In telling my neighbor the story of the Bible, I might outline for them the story of God's chosen people Israel. They are to be a light to the nations. God desires that they be a righteous people known for good works. "He has told you . . . what is good; and what does the Lord require of you but to do justice, to love kindness, and to walk humbly with your God?" (Micah 6:8, NRSV).
I might introduce my neighbor to the Bible by telling the story of Jesus, who did not carry a little booklet to illustrate the Four Spiritual Laws (one that I as a college student used many times while accosting strangers sunning in the sand at New York State's popular vacation spot in Lake George), but who lived the gospel by his example. Jesus simply said, "Come, follow me."
In practicing this evangelism, we need to keep in mind that we ourselves need to be evangelized; Jesus is talking to us too. If I am not following Jesus as a disciple, how can I call others to come follow along? If I am not following the Lord by serving others, for example, by ministering at a local homeless shelter, how can I call my next-door neighbor to come along? If I am not giving up two Saturdays to work on a Habitat house, how can I ask my coworker to come and help out? The evangelistic call to follow Jesus comes first to me and then through me to others.
Good evangelism is not the verbal presentation of a set of laws or principles or seven Bible verses strung together.
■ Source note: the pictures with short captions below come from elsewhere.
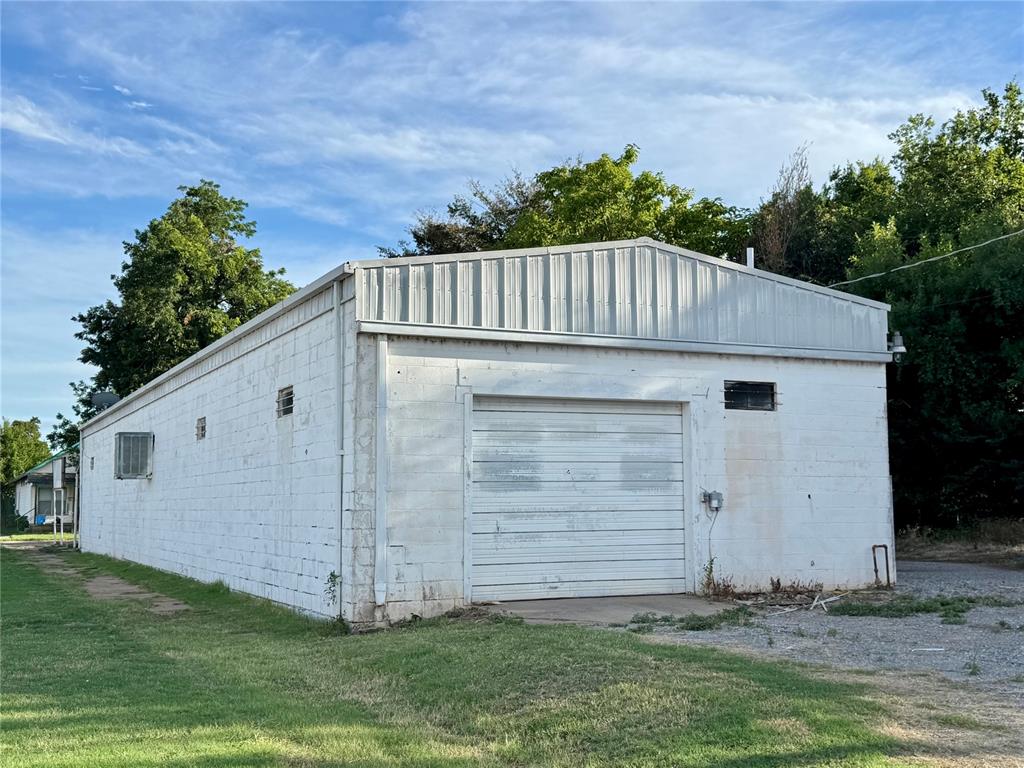 202 W Iowa Avenue Property Photo 4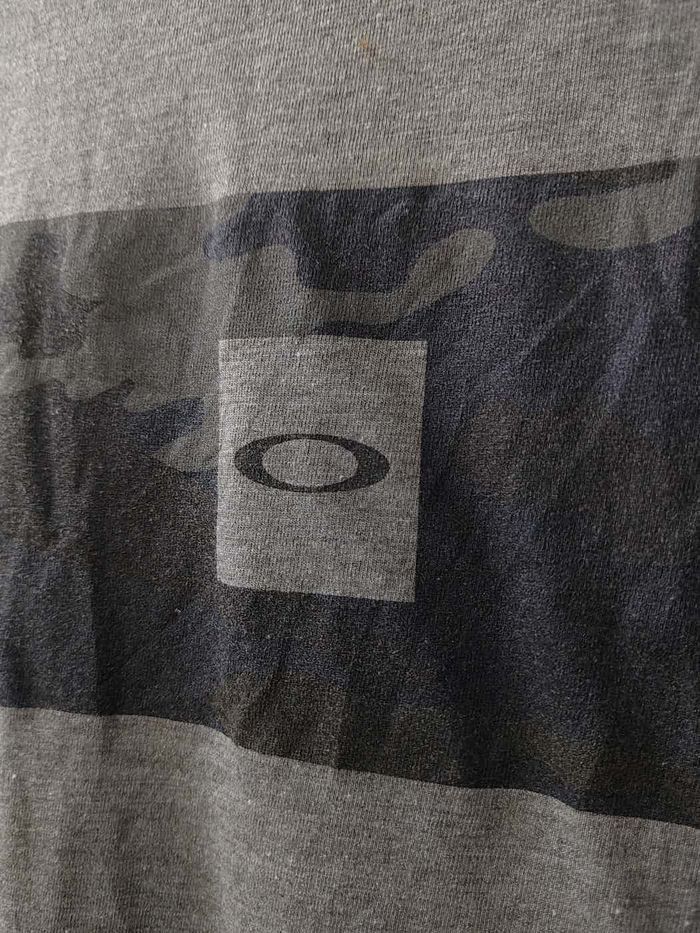 Oakley Vintage Oakley Long Sleeve Hoodie Tshirt Size US M / EU 48-50 / 2 - 3 Thumbnail
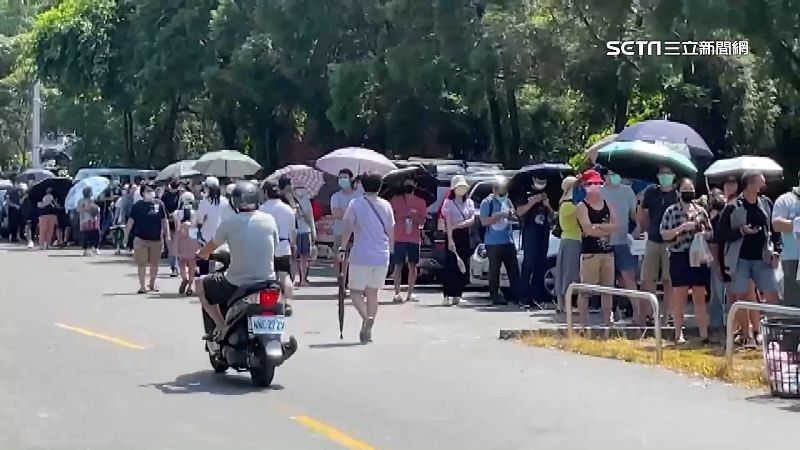 琉璃錢母項鍊換熱血　紫南宮大排長龍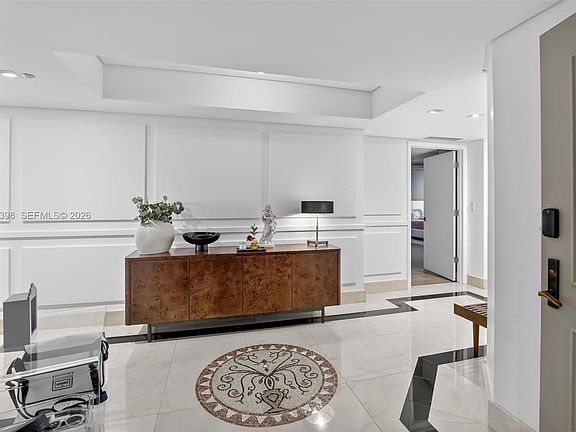 3rd image of 7000 Island Blvd APT 1109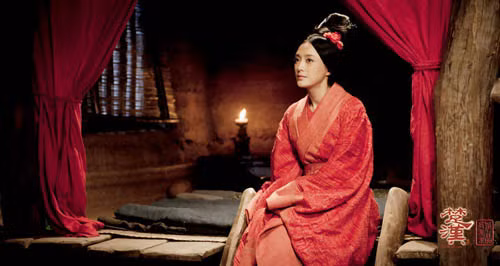 Khi biết chuyện Thích Phu nhân âm mưu đưa con trai do mình sinh ra lên ngôi vị hoàng đế, Lã Hậu đã có màn báo thù rùng rợn. Cụ thể, Lã Hậu sai người chặt toàn bộ tay chân của Thích phu nhân.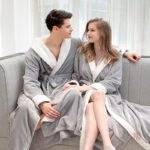 Kimono peignoir femme, gris clair, idéal pour le quotidien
Evangelism is pointing others to God as he is revealed in Scripture and calling others to come along and follow Jesus, as we ourselves follow and serve Jesus.
Is the Bible then superfluous? No, indeed. Without the Bible there would be no witness. For that reason, I always include Scripture passages in my course outlines, and I challenge my students to use those texts not only when they are facing faculty members in their oral exams but also—and most importantly—when they are sharing their faith with others. I cannot teach missions and evangelism courses without teaching the Bible.
The longer I teach the more I realize that I learn more from my students than they learn from me. Some of my students have come straight from college. But many come to seminary with years of experience: a firefighter, a mega-church pastor, attorneys, teachers, farmers, and missionaries too numerous to mention. Indeed, from my students—inside and outside the classroom. And as I contemplate sharing the gospel through the grand narrative of Scripture—Creation, Fall, Redemption, Consummation—I sit at the feet of one of my students.
Yeon-Jeong Kim and his wife Anne have both been in my classes, and I've come to know their children Hanna and David as well. Their homeland is Korea; they have served as missionaries in the Philippines and Nepal. In class and through the research and writing of his Th.M. thesis Yeon-Jeong brought the grand narrative of Scripture to life. I had challenged him to be true to his own culture, to tell stories, to share his own experiences in ministry. He worried that such things might not be scholarly enough for an academic thesis. But I pushed and prodded, and the final product was the finest thesis I've mentored in my teaching career.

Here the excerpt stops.